Odessa is also shockingly, horrifyingly racist. Bissinger recognizes that girls are disadvantaged in all sorts of ways at Permian High, the school he profiles, and he hints at an ugly, violent strain of homophobia. But since this is a book about an all-male football team, and none of the players or coaches gave any indication of being gay, those issues stay in the background. Since several of the players are black or Latino, racism gets a lot more attention. The mostly-white backers of the football team blame Permian's poor academic performance not on their own skewed priorities, but on racial integration, something they managed to stave off until 1983. (That's not a typo. 1983.) They eventually welcomed integration, though, once they realized that the city's black community might provide some gifted football players. If football obsession trumps racism, however, it certainly doesn't overcome it. Black and Latino football players are embraced as long as they play well, but if they are injured or lose their touch, they are demoted to the same status as all other racial outsiders. This is most obvious in the story of James "Boobie" Miles, a gifted running back whose hopes for the pros are ended by a knee injury. Bissinger tells it thusly:

On other occasions, some whites offered another suggestion for Boobie's life if he no longer had football: just do to him what a trainer did to a horse that had pulled up lame at the track, just take out a gun and shoot him to put him out of the misery of a life that no longer had any value.

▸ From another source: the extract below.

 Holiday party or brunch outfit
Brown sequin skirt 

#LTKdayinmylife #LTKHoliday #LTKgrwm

"What would Boobie be without football?" echoed a Permian coach when asked the question one day. The answer was obvious, as clear as night and day, black and white in Odessa Texas, and he responded without the slightest hesitation.

"A big ol' dumb nigger."


Lovely, that. I wish Bissinger had the guts to tell us which coach.

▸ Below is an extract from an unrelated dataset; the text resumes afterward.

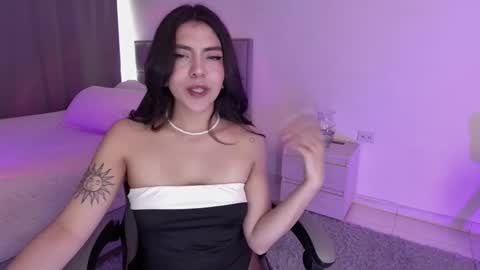 Snapshot of spicy_ana chatting on 09.28.25 spicy_ana online show from 09.28.25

The thing is, none of the players really seems to benefit from playing big-time high school football. None of them ends up in the pros. The guys who get college scholarships mostly fail to graduate. Football doesn't seem to provide opportunities for run-of-the-mill excellent high school players, and it doesn't seem to build character in ways that serve them later in life. The main beneficiaries seem to be the fans and boosters, for whom Permian football provides an identity and a social life. For a recovering high-school nerd like myself, conditioned to resent the jocks who ruled my school, it's a little sobering to realize that those kids might have been as exploited as they were unfairly privileged.

Anyway, it's not a perfect book. The writing is pretty awful, with lots of dramatic repetition and overwrought metaphors. But it's an interesting glimpse into some really sick aspects of American society.